Maybe he is embrarrassed and feels like crap. Most men also wouldn't let the woman KNOW that...Letting her know that would take even more pride.

Men don’t usually come out and say “honey, can I talk to you about something….I feel like a failure, I’m a rut, I don’t know what to do.”

I’m sure it’s even harder when you have a woman out banking you and in a sense flaunting it.

And I seriously doubt OP hasn’t expressed these concerns and the fact that she’s footing the bill for the “extras” while he’s just chillaxing to HIM.
 
Maybe he is embrarrassed and feels like crap. Most men also wouldn't let the woman KNOW that...Letting her know that would take even more pride.

Men don’t usually come out and say “honey, can I talk to you about something….I feel like a failure, I’m a rut, I don’t know what to do.”

I’m sure it’s even harder when you have a woman out banking you and in a sense flaunting it.

And I seriously doubt OP hasn’t expressed these concerns and the fact that she’s footing the bill for the “extras” while he’s just chillaxing to HIM.

I see your point, but I took the OP's last post to mean that he seems ok with it - he expresses gratitude, and even seems rather comfortable letting her foot the bill.

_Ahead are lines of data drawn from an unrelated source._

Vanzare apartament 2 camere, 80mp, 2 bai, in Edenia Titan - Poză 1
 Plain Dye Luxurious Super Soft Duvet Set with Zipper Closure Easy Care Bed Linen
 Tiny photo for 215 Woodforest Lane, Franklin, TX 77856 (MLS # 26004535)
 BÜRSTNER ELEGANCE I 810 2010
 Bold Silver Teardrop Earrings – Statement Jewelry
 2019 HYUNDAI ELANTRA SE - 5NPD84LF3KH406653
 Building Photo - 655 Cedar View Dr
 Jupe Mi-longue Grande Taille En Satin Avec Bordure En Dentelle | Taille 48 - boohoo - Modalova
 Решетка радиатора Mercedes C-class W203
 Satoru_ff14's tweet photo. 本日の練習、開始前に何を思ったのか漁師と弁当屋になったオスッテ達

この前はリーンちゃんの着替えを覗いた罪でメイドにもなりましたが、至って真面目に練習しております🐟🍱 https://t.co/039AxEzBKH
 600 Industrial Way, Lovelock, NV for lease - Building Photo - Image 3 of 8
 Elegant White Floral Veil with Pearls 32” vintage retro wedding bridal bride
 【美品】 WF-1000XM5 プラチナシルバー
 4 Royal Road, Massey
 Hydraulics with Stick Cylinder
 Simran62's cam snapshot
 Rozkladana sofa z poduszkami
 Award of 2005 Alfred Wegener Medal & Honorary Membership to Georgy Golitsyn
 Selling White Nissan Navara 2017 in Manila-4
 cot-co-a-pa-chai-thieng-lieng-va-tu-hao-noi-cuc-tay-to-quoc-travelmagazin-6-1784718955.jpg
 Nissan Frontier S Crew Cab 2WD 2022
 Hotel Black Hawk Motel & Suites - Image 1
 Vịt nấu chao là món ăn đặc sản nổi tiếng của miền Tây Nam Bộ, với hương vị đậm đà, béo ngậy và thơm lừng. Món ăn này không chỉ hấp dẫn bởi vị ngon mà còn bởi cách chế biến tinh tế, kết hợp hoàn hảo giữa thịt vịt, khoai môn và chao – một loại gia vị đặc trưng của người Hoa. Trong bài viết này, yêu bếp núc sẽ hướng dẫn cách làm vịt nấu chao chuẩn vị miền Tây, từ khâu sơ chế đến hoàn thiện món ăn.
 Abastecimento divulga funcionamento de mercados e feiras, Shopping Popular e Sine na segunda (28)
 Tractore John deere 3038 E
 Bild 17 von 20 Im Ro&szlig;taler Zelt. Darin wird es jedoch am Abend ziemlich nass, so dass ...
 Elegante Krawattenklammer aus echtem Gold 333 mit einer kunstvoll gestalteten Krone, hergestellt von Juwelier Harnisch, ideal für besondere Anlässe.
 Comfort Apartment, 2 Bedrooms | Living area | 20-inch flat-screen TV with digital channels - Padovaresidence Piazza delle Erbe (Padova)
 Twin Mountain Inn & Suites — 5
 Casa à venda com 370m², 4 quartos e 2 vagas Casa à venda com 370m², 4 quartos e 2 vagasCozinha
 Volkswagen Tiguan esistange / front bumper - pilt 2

I wouldn't expect a guy to go as far as admitting that he feels like a failure, but neither would I expect him to seem evidently comfortable about it. Guys tend to manifest discomfort with a situation in other ways i.e. being stressed, being moody, being distant, or even declining all the extras she is paying for. She said specifically that she doesn't understand how he can be so comfortable about it, which to me indicates that he hasn't shown a remorse or even slight angst about the situation.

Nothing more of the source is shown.